武田泰淳、いまちょうど「目まいのする散歩」読んでいるところです。武田百合子が出てくる話はやっぱりおもしろい。「十三妹」も買うだけ買ってあるんですが、そうですか、ニセモノ的な楽しさですか。そう聞かされると、読みたくなります。

海月さん。
宮部みゆさ「模倣犯」は、ニセモノというより立派なパスティーシュですね。それはそれで、おもしろそうです。宮部みゆきファンが同人誌として書いてないかしら。

黄黒さん。
「セカチュー」のタイトルは、冗談ではなくパロディというよりニセモノくさい感じですね。

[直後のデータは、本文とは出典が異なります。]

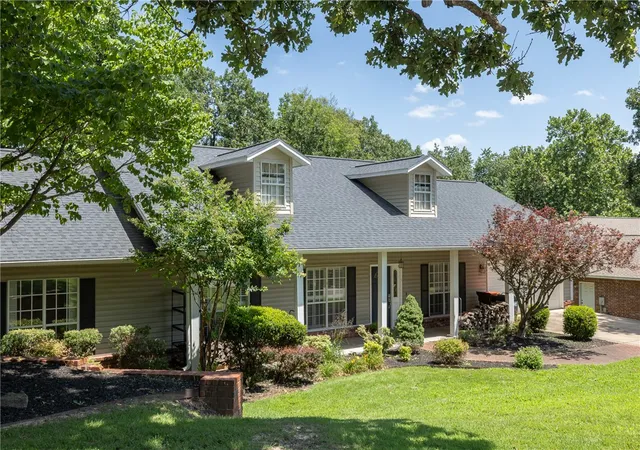 Photo 3 of Sale Pending at 414 Oak Manor Cir, Springdale, AR 72764 | MLS# 1353614 | Listing updated on 2026-08-31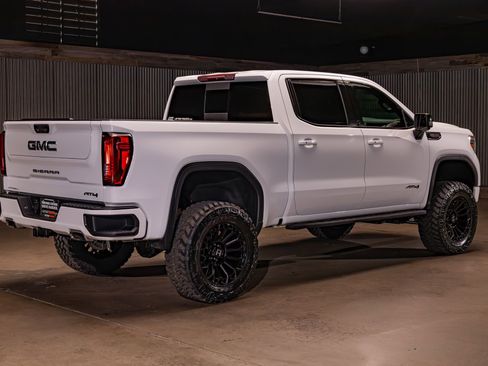 Used 2022 GMC Sierra 1500 AT4 w/ AT4 Premium Package AWD/4WD image 10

商売としてはともかく倫理的にはちょっとどうかと思いますが、しかしこれのおかげで優れたモトネタ(というのも変だな。ハーラン・エリスンの作品)が少しでも話題になったのは結果的にはよかったことだし、微妙なところ。
Posted by 清太郎 at 2007年05月29日 15:00
ごぶさたしてます。お元気そうでなにより。
中国の偽鼠王国にも笑いましたが、最近ドラえもんの勝手に作っちゃった最終話で清太郎さんを思い出しました。

作者、清太郎さんじゃ、ないでしょうね(笑)
Posted by marco at 2007年05月31日 16:34
「オトンとボクと、時々、オカン」、わたしはふつうに間違ってます(笑)
時には「オトンとオカンと、時々、ボク」とか間違えてしまいます。

高校の頃、友達が持っていた携帯ストラップが「どこでもいっしょ」のトログッズかと思いきや、「とこでもいっしょ」になっていて、「床でもいっしょ・・・なんか、エロいね・・・」としょんぼりした記憶があります。
Posted by あさひ at 2007年06月01日 01:36
marcoさん。こんにちは。ご無沙汰です。いや、あんまりお元気ではなく疲弊気味ですが、お元気?
「ドラえもんの最終話」は、あれはかなり儲けちゃったからああなってしまいましたが、無料で公開してるだけならおそらく一種の美談になったような気もします。新聞やテレビのニュースだと、すごく悪いことをしてる人のような扱いなんだけど、なんだかねえ。

あさひさん。
「とこでもいっしょ」。いいですねえ。そういうの好きです。そそられます。ニセモノの作り手のセンスが光った一品、という感じです。「しょんぼり」というのもいい!